No actual contexto comercial, o cinema encontra-se dominado, sobretudo a partir de segunda metade da década de 90, pelas grandes superfícies que debitam semanalmente um volume de estreias absolutamente incomportável e cada vez mais viradas para a teoria do mastiga e deita fora, impossibilitando assim a entrada no circuito de obras menos convencionais. O que triunfa é, sobretudo, o cinema industrial norte-americano que, especialmente, na última década, tem refinado até aos limites do absurdo, com o profissionalismo de marketing desconcertante, produtos especificamente desenhados para conquistar público à escala mundial, simplificando argumentos, linguagem, personagens, apostando em temáticas "worldwide", adaptações de vídeo-jogos, heróis da BD, qualquer símbolo que já tenha penetrado entre culturas e seja facilmente reconhecível e consumível nos quatro cantos do mundo. São cada vez mais raras as surpresas nos filmes de Multiplex. O mais dramático é que o público já nem exige uma novidade, em espanto, contentando-se simplesmente com uma boa dose de sustos no ouvido, três toneladas de efeitos especiais e uma dupla de caras conhecida.
Neste contexto, duas das quatro salas do Cidade do Porto, bem como o Nun´Alvares afirmam-se, desde logo, como locais de culto para um público cinéfilo que procura, sobretudo, assistir aos títulos premiados nos festivais de Cannes, Veneza ou Berlim, em detrimento do ir ao cinema para ver qualquer coisa que acompanhe a digestão de um saco de pipocas. No Nun´Alvares vivi experiências cinematográficas tão marcantes como a exibição d´ “A Festa”, de Thomas Vinterberg, com o público a ficar agarrado à cadeira uns bons cinco minutos após o final do filme, ou já no Cidade do Porto, uma extraordinária e cativante conversa com João Botelho a propósito da comédia "A Mulher que Acreditava Ser Presidente dos EUA" ou ainda ao entrar em contacto com um dos melhores filmes que vi este ano: “O Regresso” do russo Abdrey Zvyagintsev.

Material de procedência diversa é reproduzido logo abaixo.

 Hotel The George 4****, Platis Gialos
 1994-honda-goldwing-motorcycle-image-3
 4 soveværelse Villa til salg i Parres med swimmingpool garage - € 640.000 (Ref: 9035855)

Actualmente, e depois do dramático, para não dizer ridículo e autoritário, encerramento do Terço, mesmo aqui à beira de minha casa (lembro-me perfeitamente da última sessão, com interessantíssimo “As Horas”, de Stephen Daldry), o Porto sobrevive com apenas dez salas de cinema, enquanto só o Arrábida, em Gaia, propõe 20 cinemas. É triste, no mínimo, assistir ao abandono, à morte por indefinição, do Batalha e da sua sala Bébé, na qual o cineclube do Porto tantas obras referenciais da sétima arte exibiu, criando uma geração de cinéfilos actualmente em vias de extinção. É doloroso ver o Teatro Sá da Bandeira a cair aos bocados e a passar filmes porno, onde, no início do século XX, Aurélio Paz dos Reis apresentava ao país a mágia do cinema no intervalo de sessões de teatro popular. A média de 100 mil espectadores/ano das salas do Cidade do Porto e a ressurreição do Passos Manuel (sobre o qual sempre coloquei algumas reservas quanto ao formato e à intencionalidade), ambas significam uma pequena amostra de resistência cultural numa cidade pioneira e fundamental na história do cinema português, mas que,infelizmente, caminha a passos bem largos para um deserto de alternativas de qualidade. Ao Porto, sobram pipocas e coca-cola e faltam espaços dedicados ao cinema enquanto arte.